— Exercise prompt —
Word-for-word reproduction, images excluded: copy every entry below.

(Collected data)
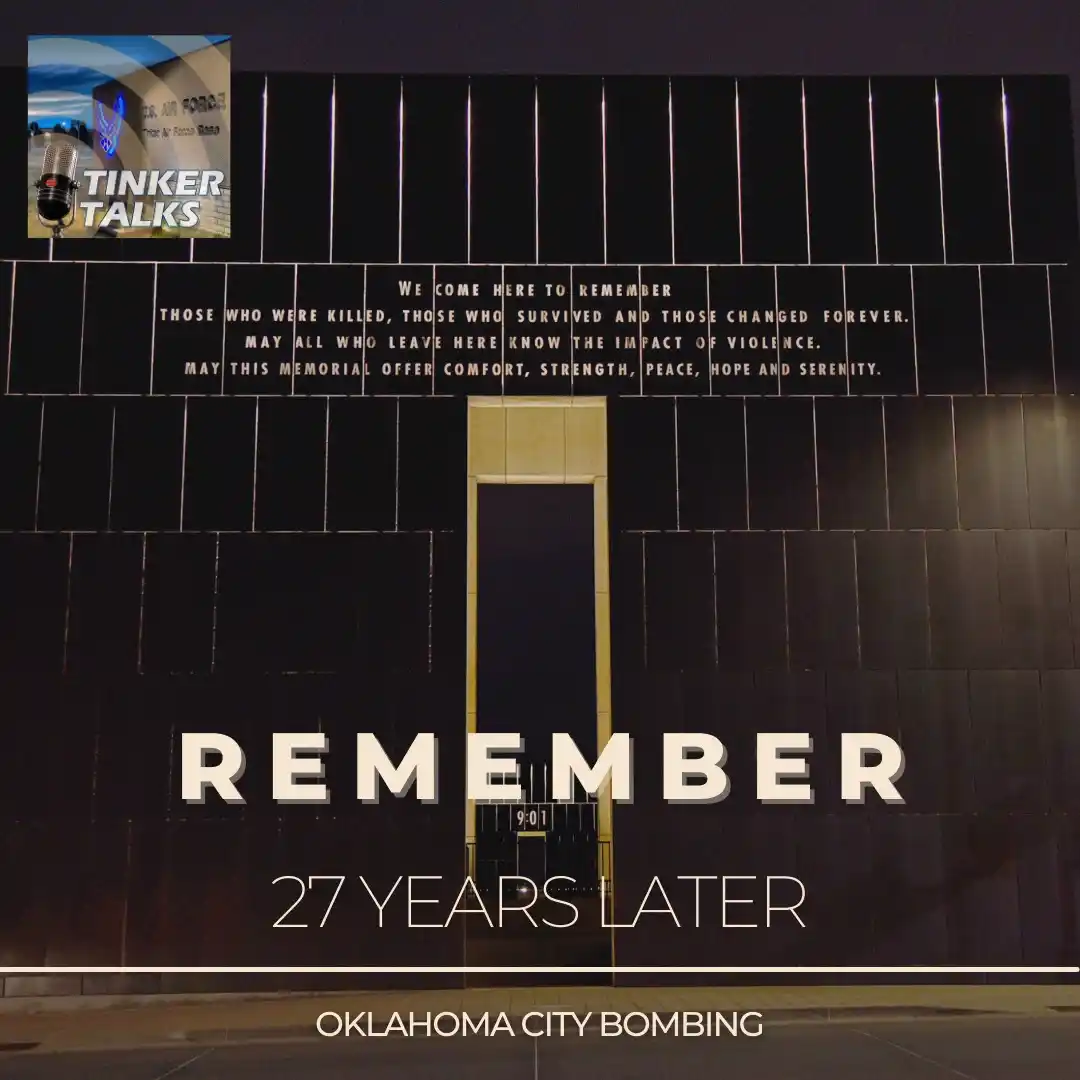 Graphic for OKC bombing remembrance episode 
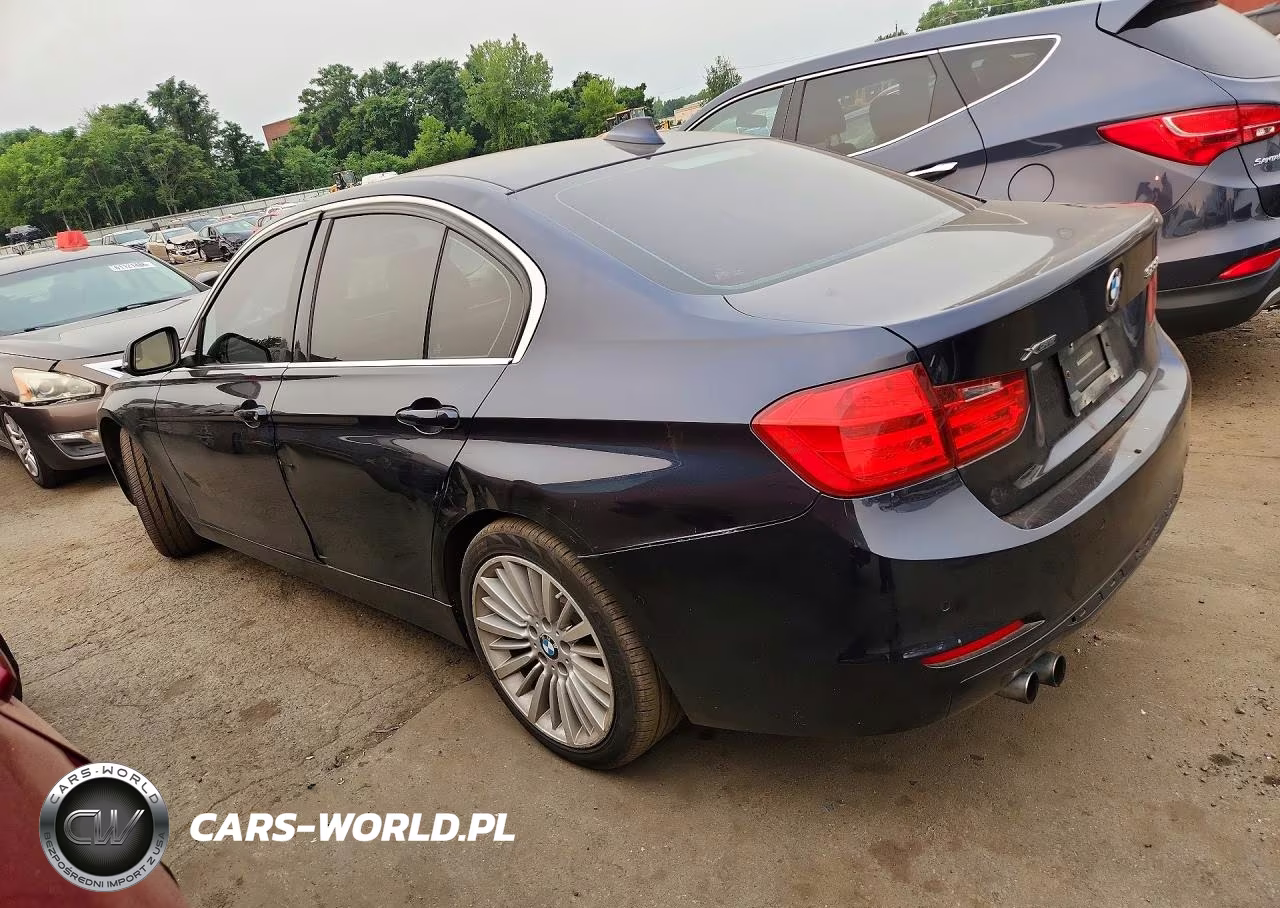 2014 BMW 328 Xi VIN:WBA3B3G51ENR84941 - 2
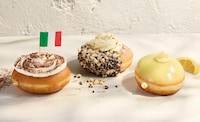 Italian Dessert-Inspired Donuts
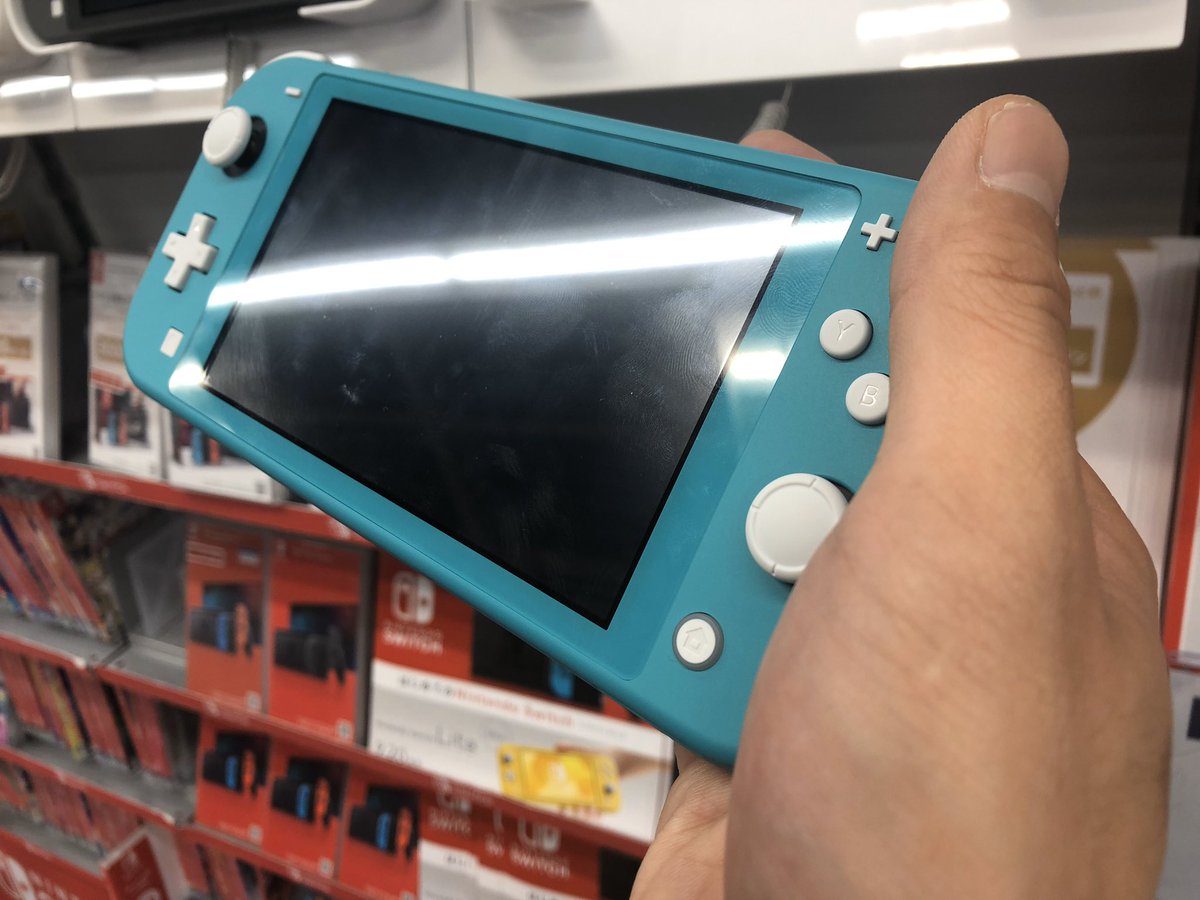 100%の保証 スイッチライトターコイズ - 携帯用ゲーム機本体 ...
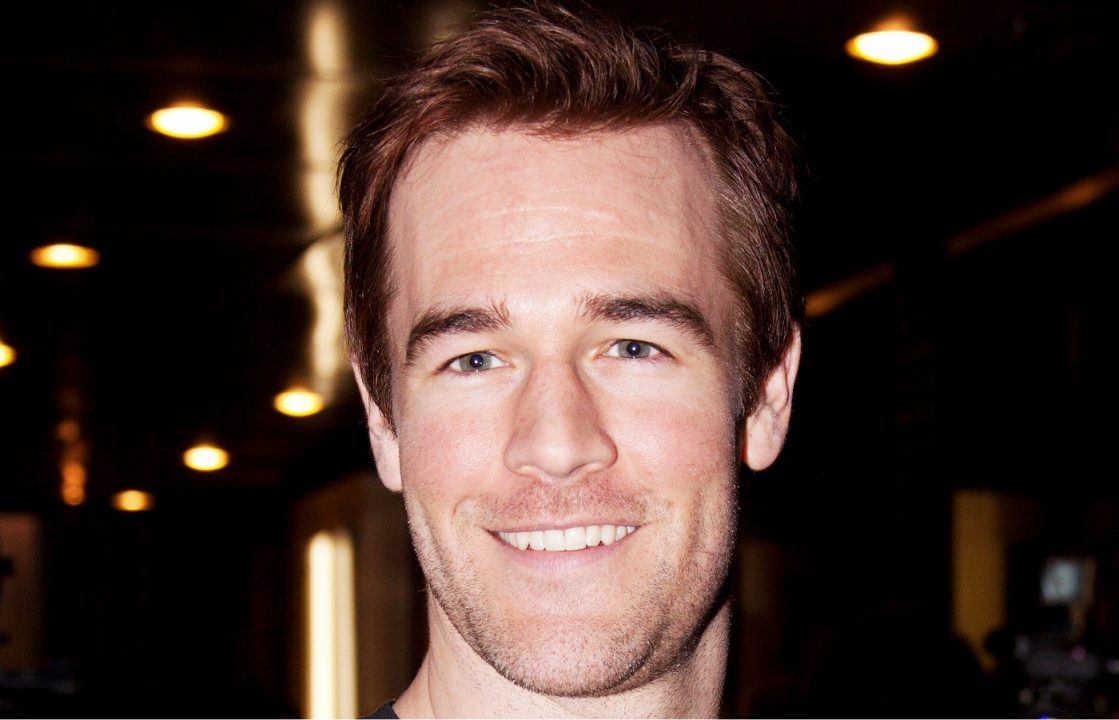 Dawson’s Creek star James Van Der Beek’s children join cast to raise money for cancer charity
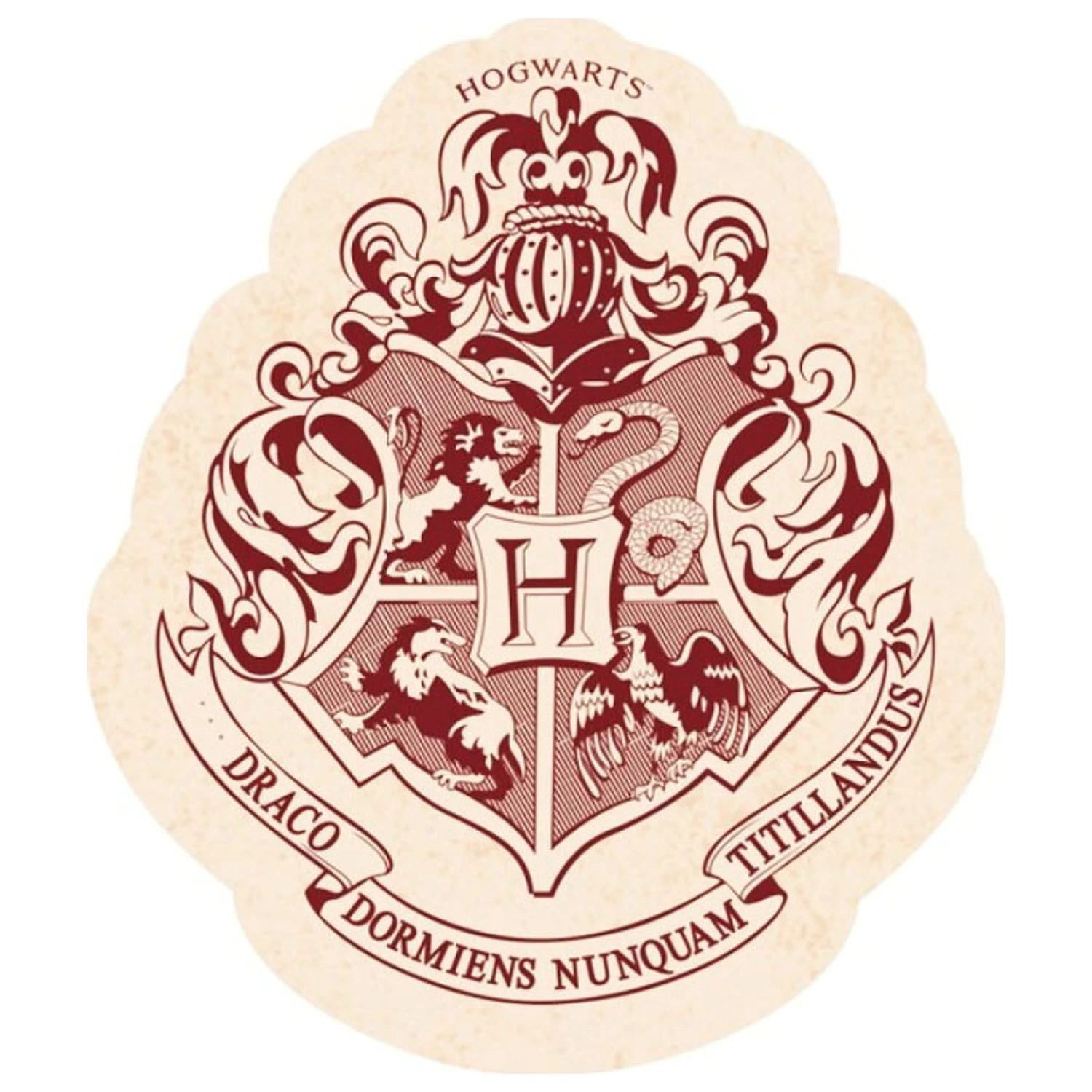 Harry Potter Bež oblikovani jastuk, dekorativni jastuk fotografija proizvoda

— Task result —
 Graphic for OKC bombing remembrance episode 
 2014 BMW 328 Xi VIN:WBA3B3G51ENR84941 - 2
 Italian Dessert-Inspired Donuts
 100%の保証 スイッチライトターコイズ - 携帯用ゲーム機本体 ...
 Dawson’s Creek star James Van Der Beek’s children join cast to raise money for cancer charity
 Harry Potter Bež oblikovani jastuk, dekorativni jastuk fotografija proizvoda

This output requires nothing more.